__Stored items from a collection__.
--------------------
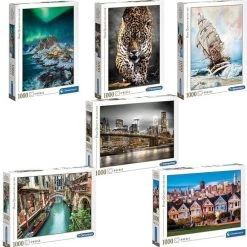 Clementoni HQ Puzzel 6 X 1000 Stukjes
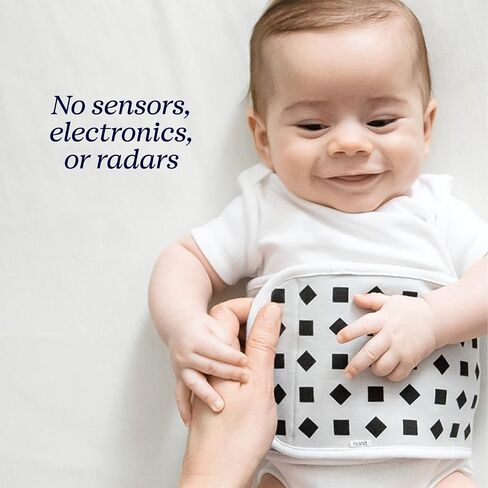 Nanit Breathing Wear Band - 100% Cotton, Works with Nanit Pro Baby Monitor to Track Breathing Motion Sensor-Free in Saudi Arabia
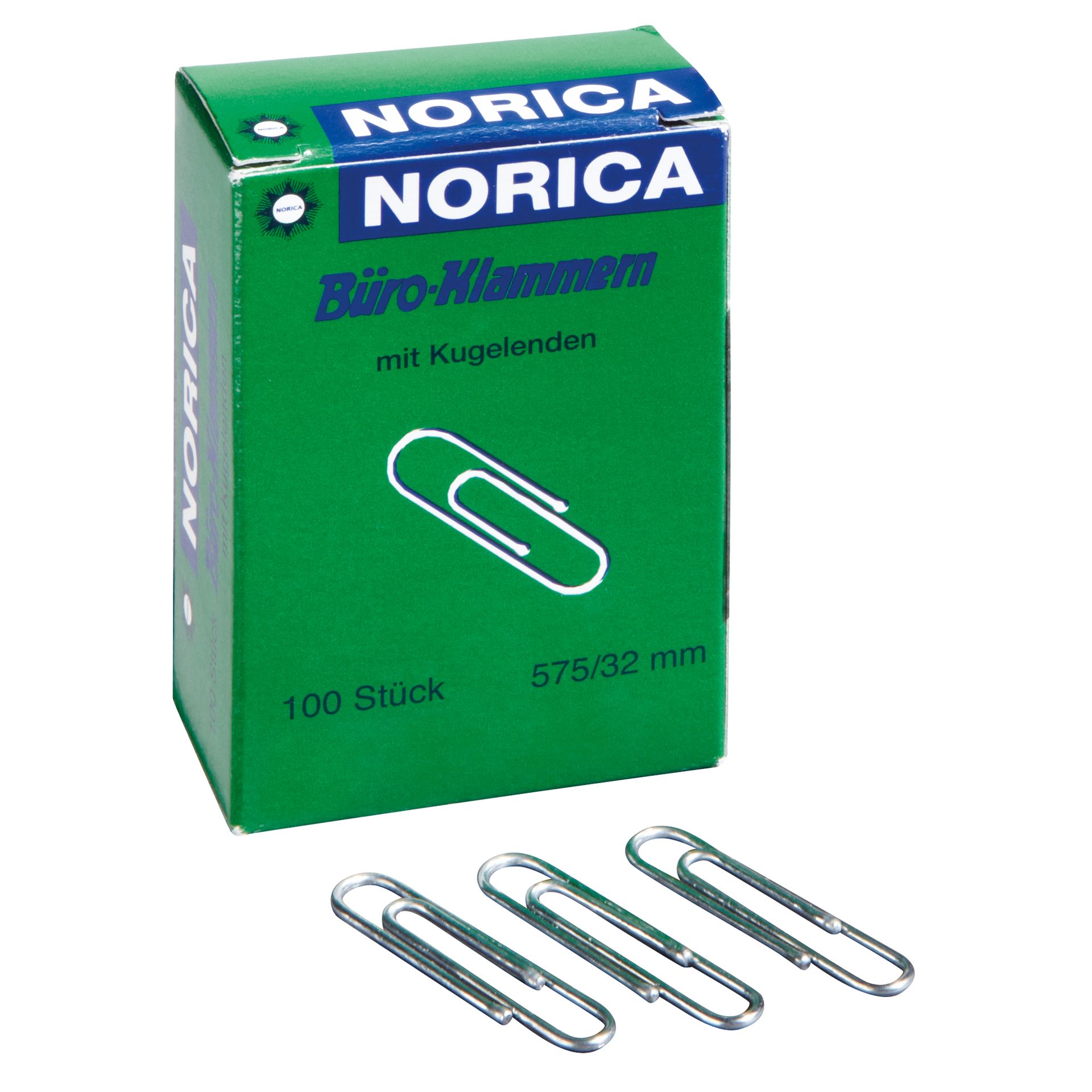 Briefklammer 32mm verzinkt 100 St./Pack.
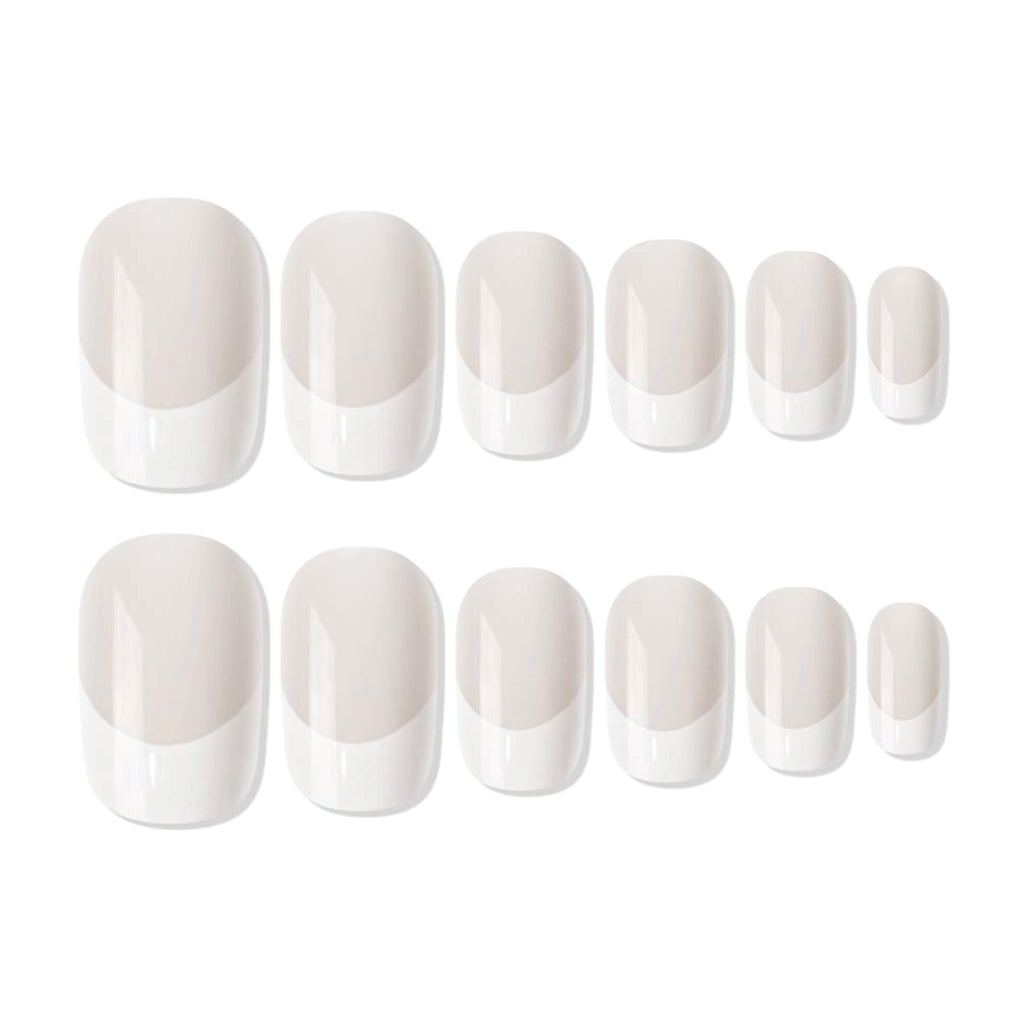 Shills Professional Reusable French Square Press On Nails - grey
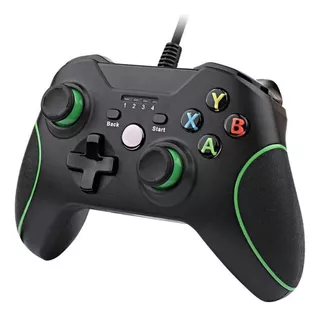 Controle Compatível Gamer Para Xbox One Pc Fio Entrada P3 P2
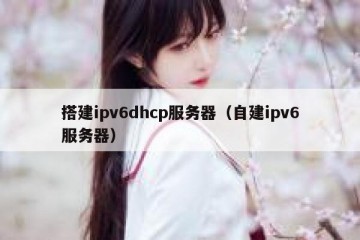 搭建ipv6dhcp服务器（自建ipv6服务器）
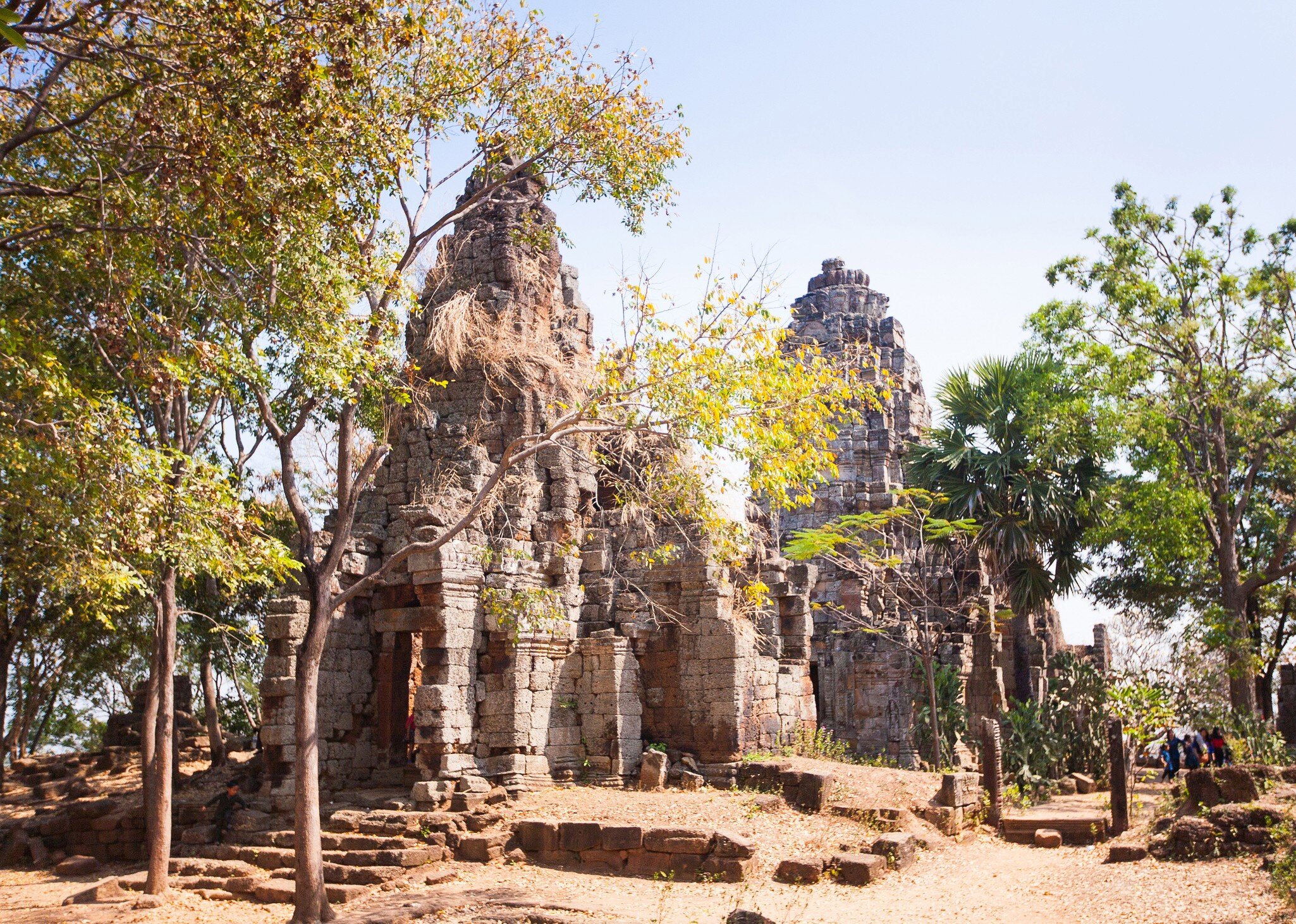 Prasat Banan temple in  Battambang, Cambodia, Southeast Asia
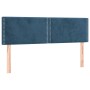 Cama box spring con colchón terciopelo azul oscuro 140x200 cm de , Camas y somieres - Ref: Foro24-3141249, Precio: 425,47 €, ...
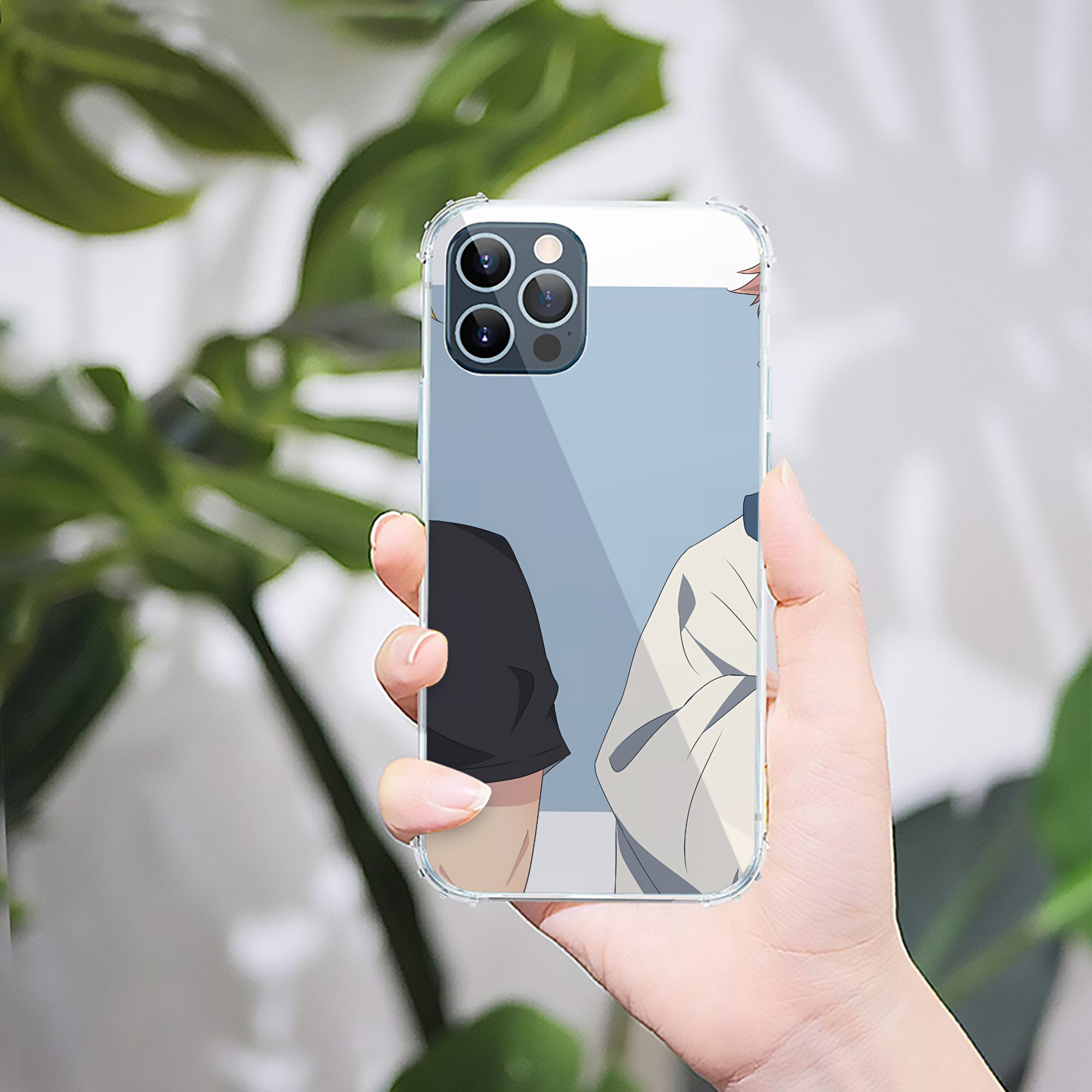 （画像用） SPY×FAMILY间谍家家酒 【iPhone 12シリーズ対応】透明スマホケース（クリアソフトケース）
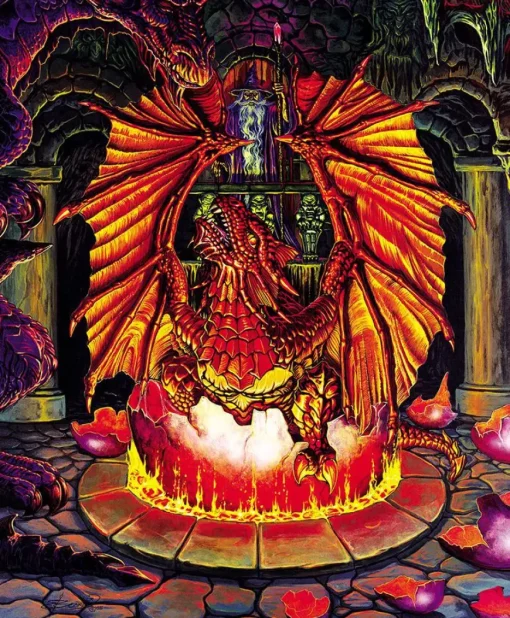 Puzzle Birth Of A Fire Dragon
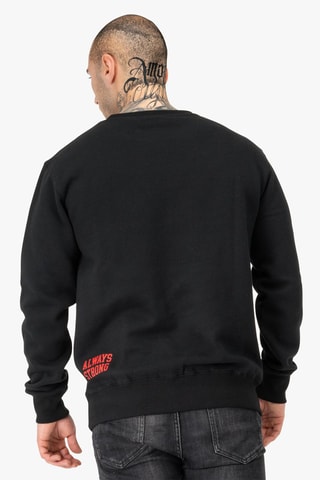 Sweater Rinston - Zwart en Rood - Benlee
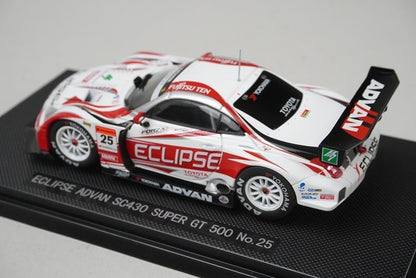 1:43 EBBRO 43906 Lexus Eclipse Advan SC430 Super GT500 2007 #25 White/Red model car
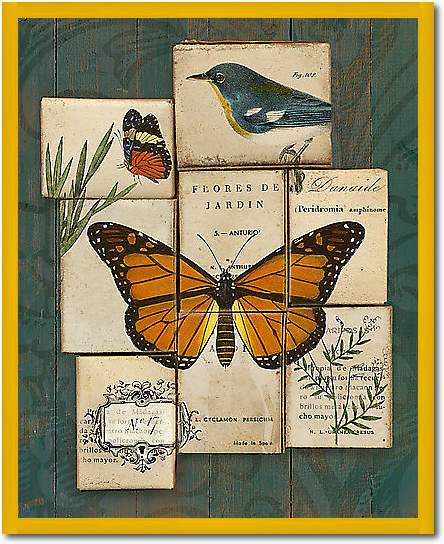 Birds and Butterflies II von Schlabach, Sue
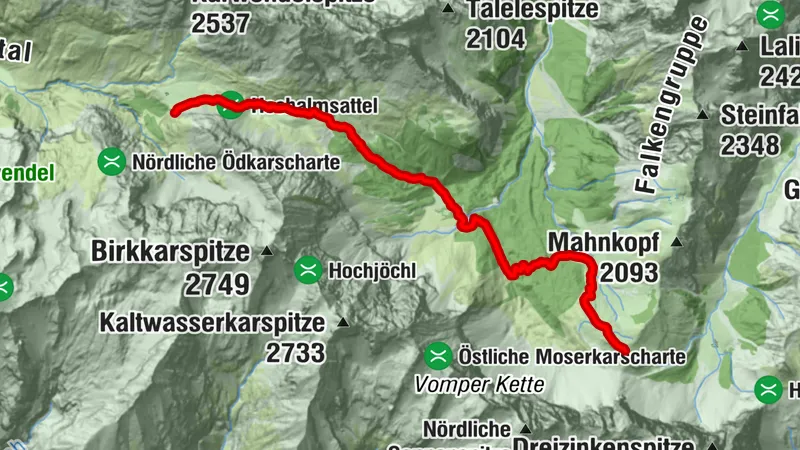 Adlerweg-Etappe 10: Falkenhütte – Karwendelhaus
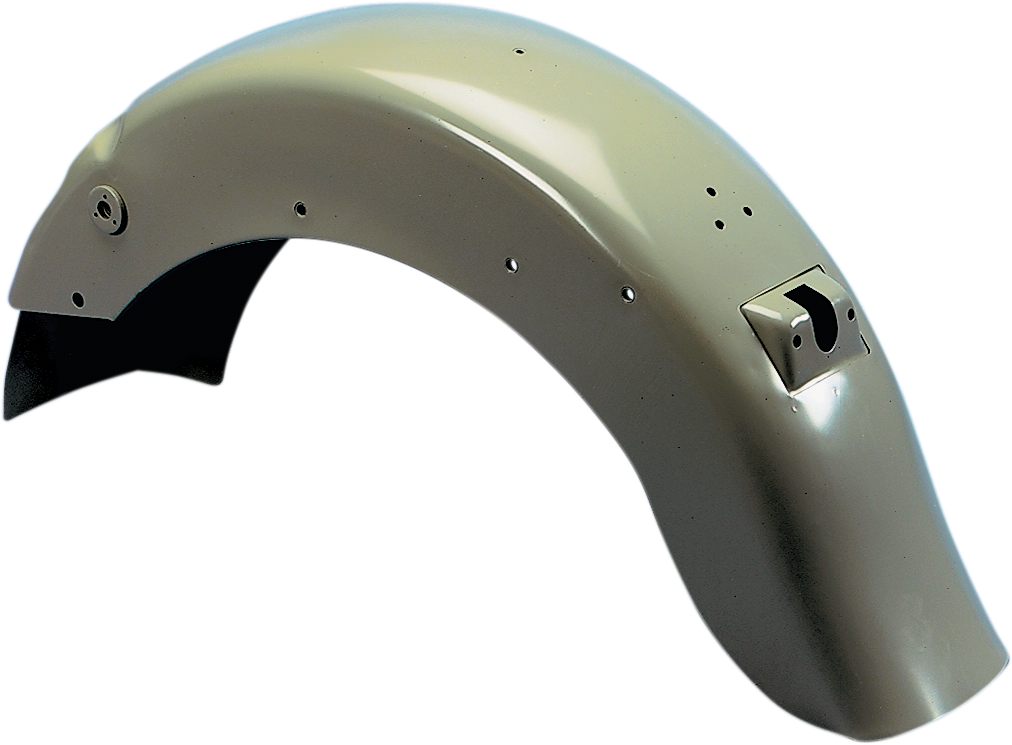 DRAG SPECIALTIES Smooth Rear Fender - with Taillight Mount/No Turn Signal Mount Indents - Steel 72522AR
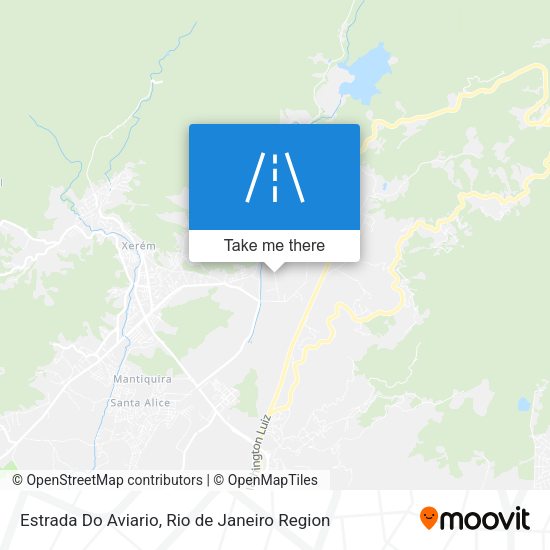 Estrada Do Aviario map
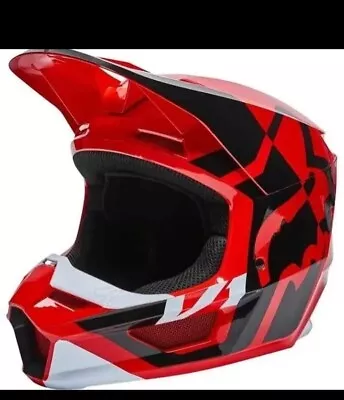 NEW Fox V1 Lux FLO Red MIPS Kids Motocross Dirt Bike Helmet Size Youth SMALL  • $149.38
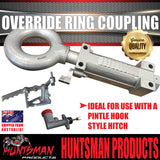 2000kg Trailer Caravan Hydraulic Override Ring Coupling Hitch Suit Pintle Hook. CTA Approved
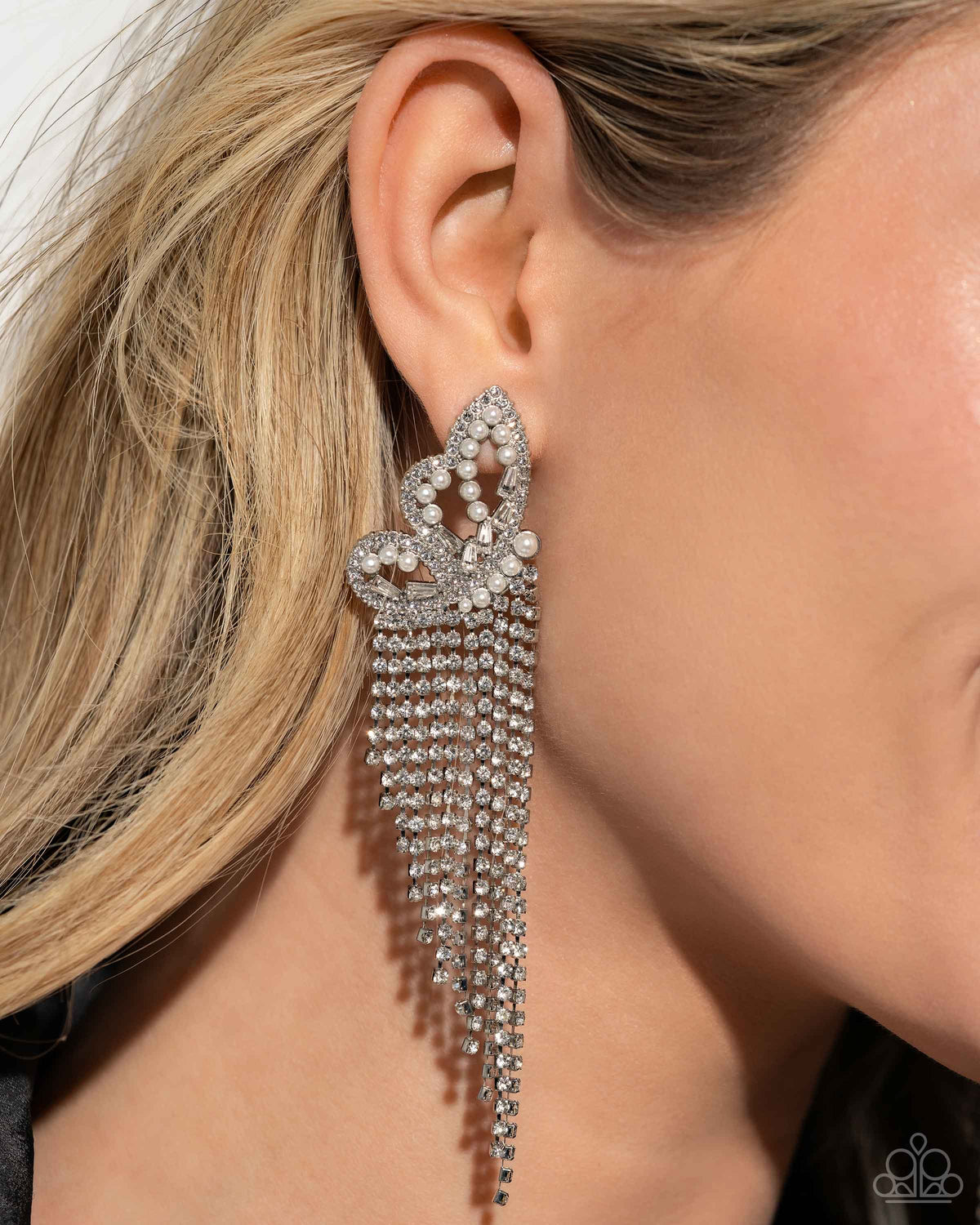 Aerial Accent White Post Earring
--------------------
__Work item__. Restate word for word the lines from the line with "Cama box spring" to the last line of the records above, inclusive, and omit every picture.

__Solution__.
 Cama box spring con colchón terciopelo azul oscuro 140x200 cm de , Camas y somieres - Ref: Foro24-3141249, Precio: 425,47 €, ...
 （画像用） SPY×FAMILY间谍家家酒 【iPhone 12シリーズ対応】透明スマホケース（クリアソフトケース）
 Puzzle Birth Of A Fire Dragon
 Sweater Rinston - Zwart en Rood - Benlee
 1:43 EBBRO 43906 Lexus Eclipse Advan SC430 Super GT500 2007 #25 White/Red model car
 Birds and Butterflies II von Schlabach, Sue
 Adlerweg-Etappe 10: Falkenhütte – Karwendelhaus
 DRAG SPECIALTIES Smooth Rear Fender - with Taillight Mount/No Turn Signal Mount Indents - Steel 72522AR
 Estrada Do Aviario map
 NEW Fox V1 Lux FLO Red MIPS Kids Motocross Dirt Bike Helmet Size Youth SMALL  • $149.38
 2000kg Trailer Caravan Hydraulic Override Ring Coupling Hitch Suit Pintle Hook. CTA Approved
 Aerial Accent White Post Earring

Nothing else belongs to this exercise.